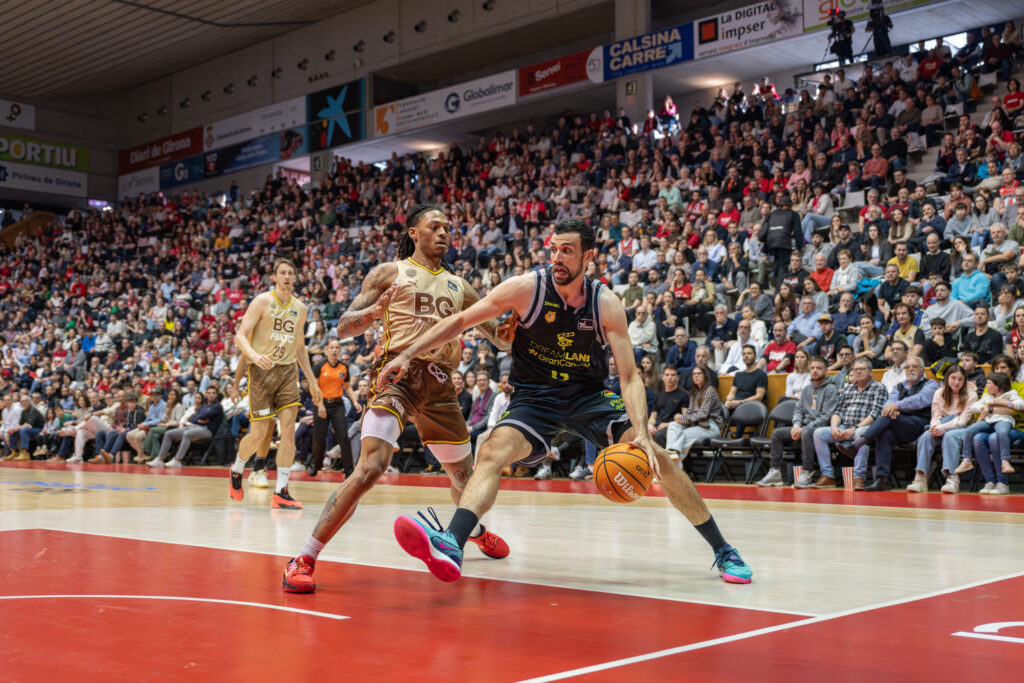Jugadores de baloncesto compiten en un partido con gran afluencia de público.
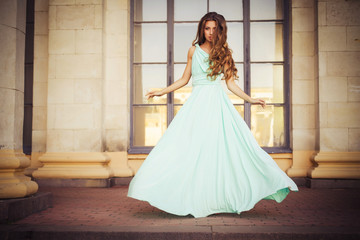 Beautiful blonde with a long curly hair in a long evening dress in motion outdoors near retro vintage building in summer sunset. Copy Space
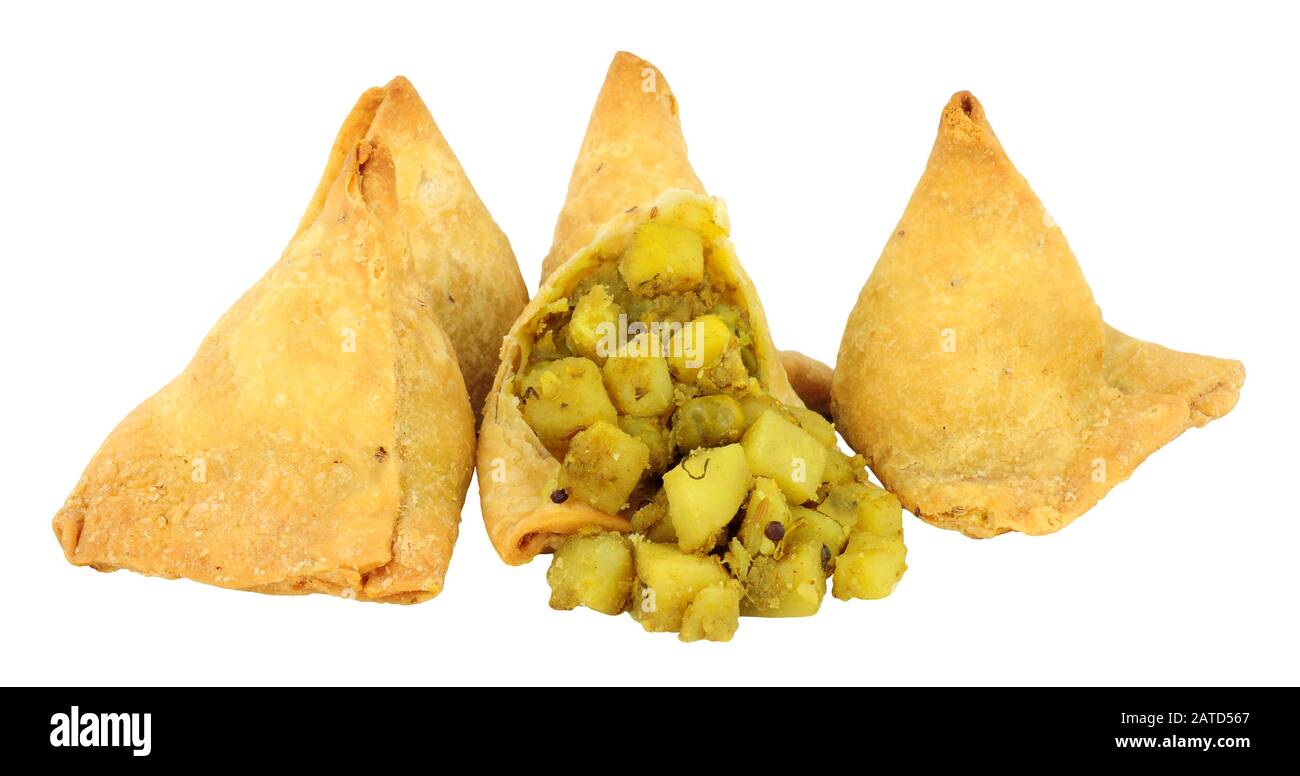 Punjabi style vegetable samosas isolated on a white background Stock Photo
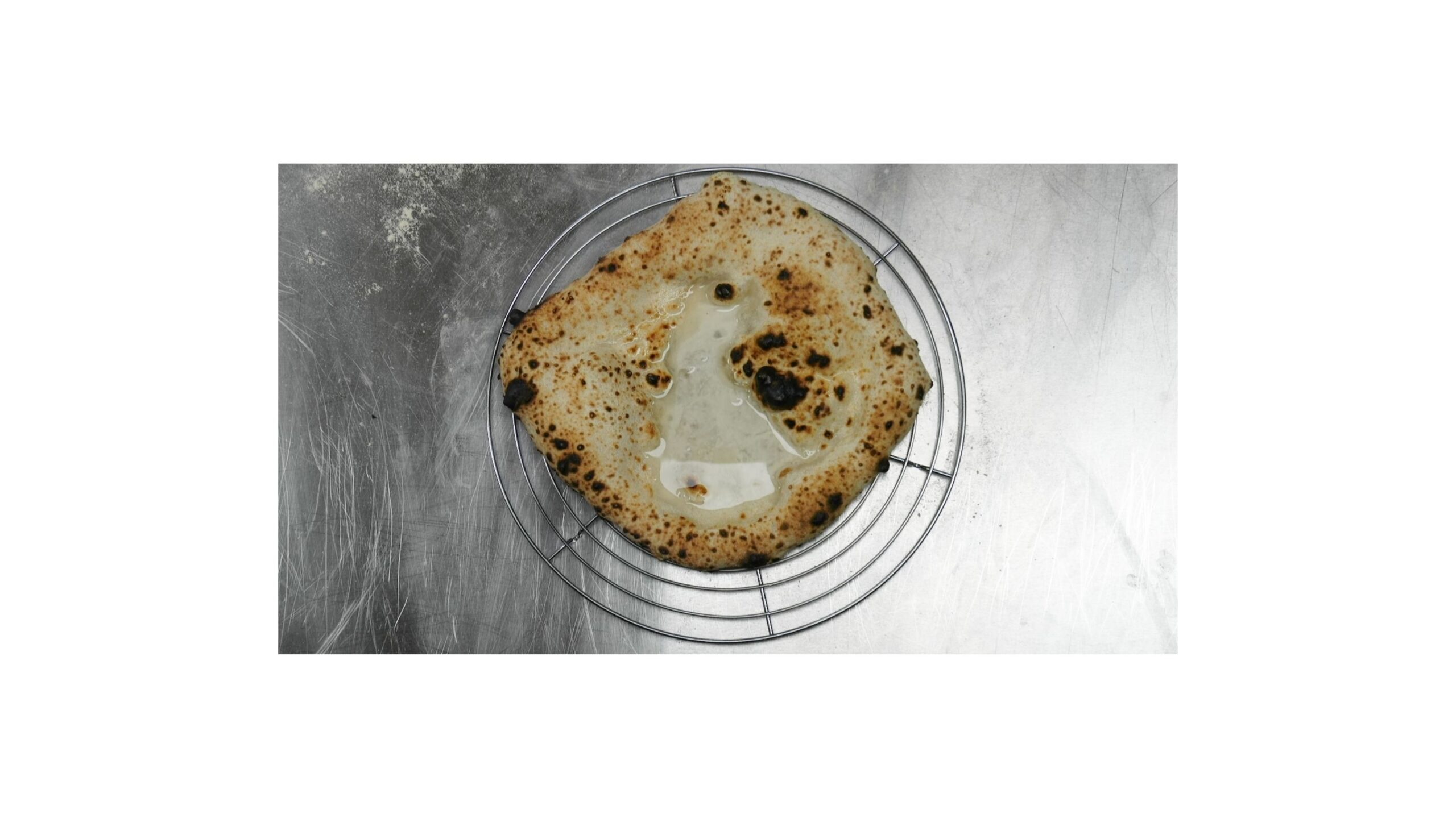 Pizzaboden nach der Eiswürfel-Methode – Wasserlache auf dem Teig sichtbar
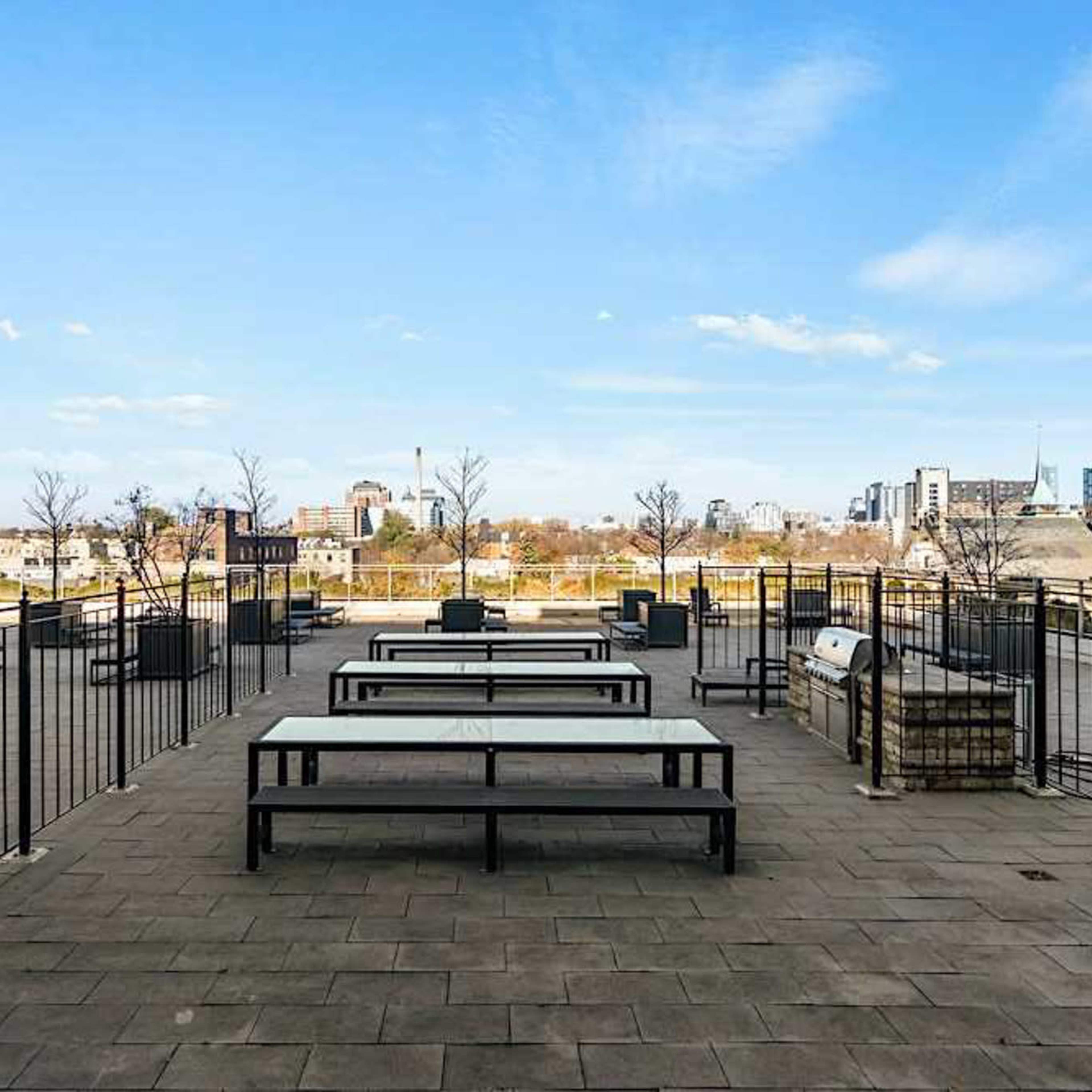 An empty rooftop terrace with metal railings, several picnic tables, and a view of a city skyline in the background.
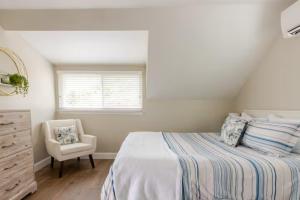a bedroom with a bed and a chair and a window at Boat House in Downingtown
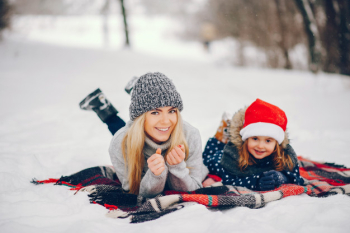 Little girl with mother playing in a winter park Free Photo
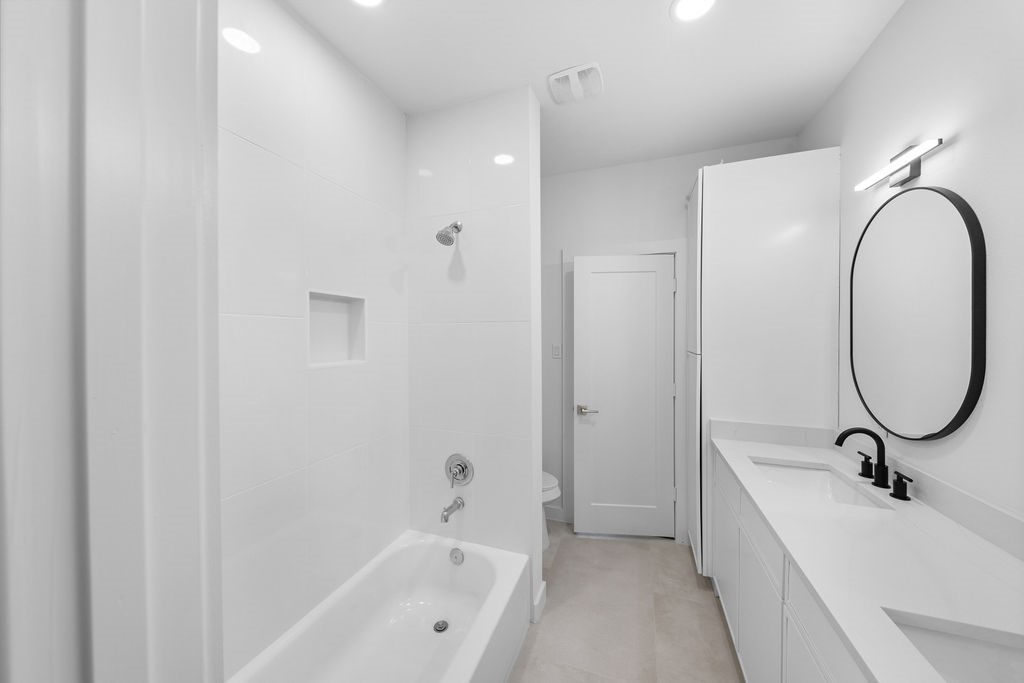 9630 Burden Street Houston, TX 77093 - Photo 11 of 16 a bathroom with a sink and a bathtub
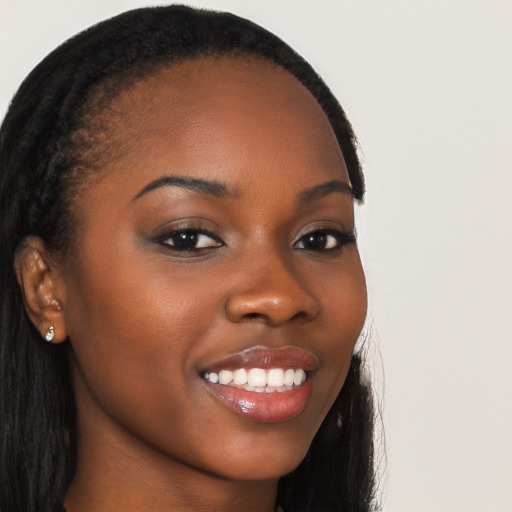 Joyful black young-adult female with long  brown hair and brown eyes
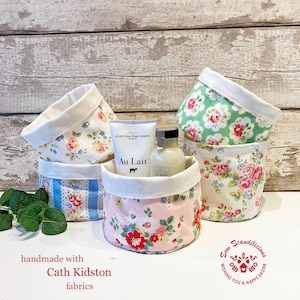 May include: Four fabric storage baskets with floral patterns in pink, green, blue, and white. The baskets are handmade with Cath Kidston fabrics. The text "Scandilicious" and "Wishing you a happy Easter" is on a red and white heart-shaped design.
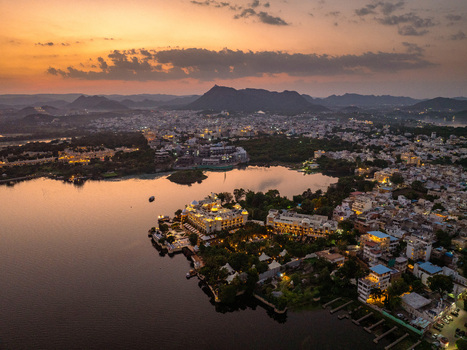 Aerial view of the Taj Lake Palace situated in Lake Pichola during a golden sunset with the city skyline and Aravalli hills in the background in Udaipur Rajasthan India.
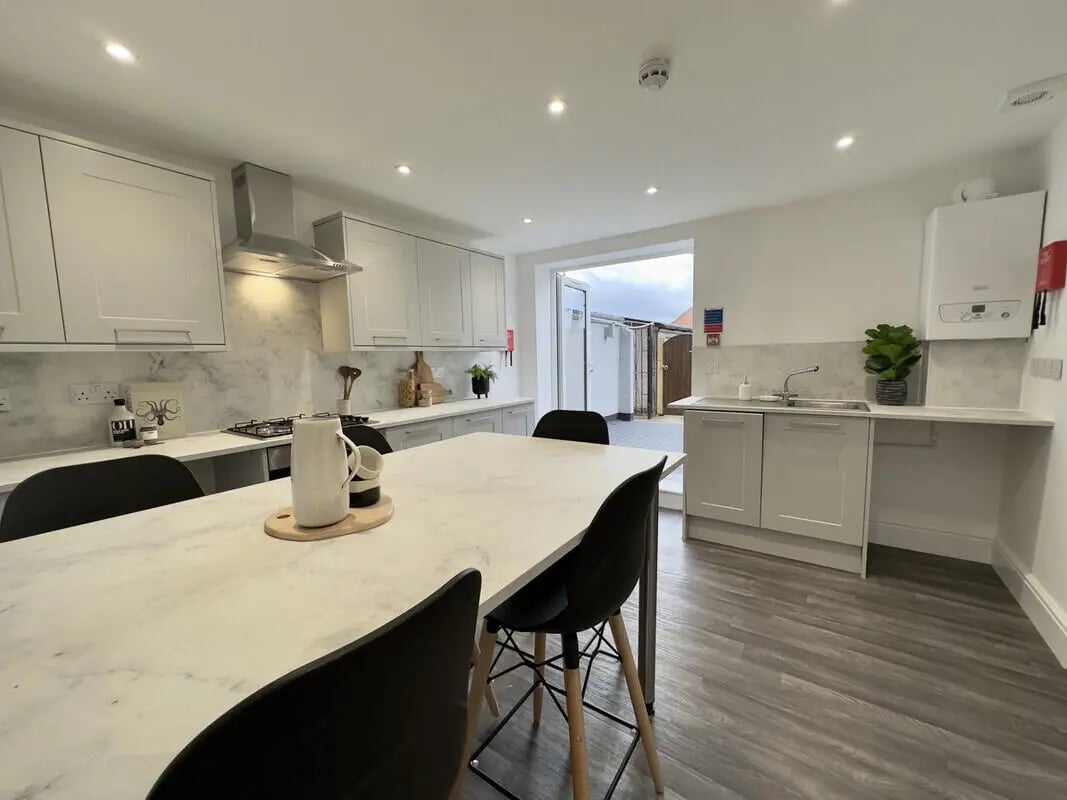 Modern kitchen with dining table and patio doors kitchen at 6 Bedroom House at 43, Monks Road in Lincoln Student Accommodation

WHAT IS BEING ASKED. Omit the pictures and reproduce the records above exactly.

RESULT FOR THIS TASK.
Jugadores de baloncesto compiten en un partido con gran afluencia de público.
 Beautiful blonde with a long curly hair in a long evening dress in motion outdoors near retro vintage building in summer sunset. Copy Space
 Punjabi style vegetable samosas isolated on a white background Stock Photo
 Pizzaboden nach der Eiswürfel-Methode – Wasserlache auf dem Teig sichtbar
 An empty rooftop terrace with metal railings, several picnic tables, and a view of a city skyline in the background.
a bedroom with a bed and a chair and a window at Boat House in Downingtown
 Little girl with mother playing in a winter park Free Photo
 9630 Burden Street Houston, TX 77093 - Photo 11 of 16 a bathroom with a sink and a bathtub
 Joyful black young-adult female with long  brown hair and brown eyes
 May include: Four fabric storage baskets with floral patterns in pink, green, blue, and white. The baskets are handmade with Cath Kidston fabrics. The text "Scandilicious" and "Wishing you a happy Easter" is on a red and white heart-shaped design.
 Aerial view of the Taj Lake Palace situated in Lake Pichola during a golden sunset with the city skyline and Aravalli hills in the background in Udaipur Rajasthan India.
 Modern kitchen with dining table and patio doors kitchen at 6 Bedroom House at 43, Monks Road in Lincoln Student Accommodation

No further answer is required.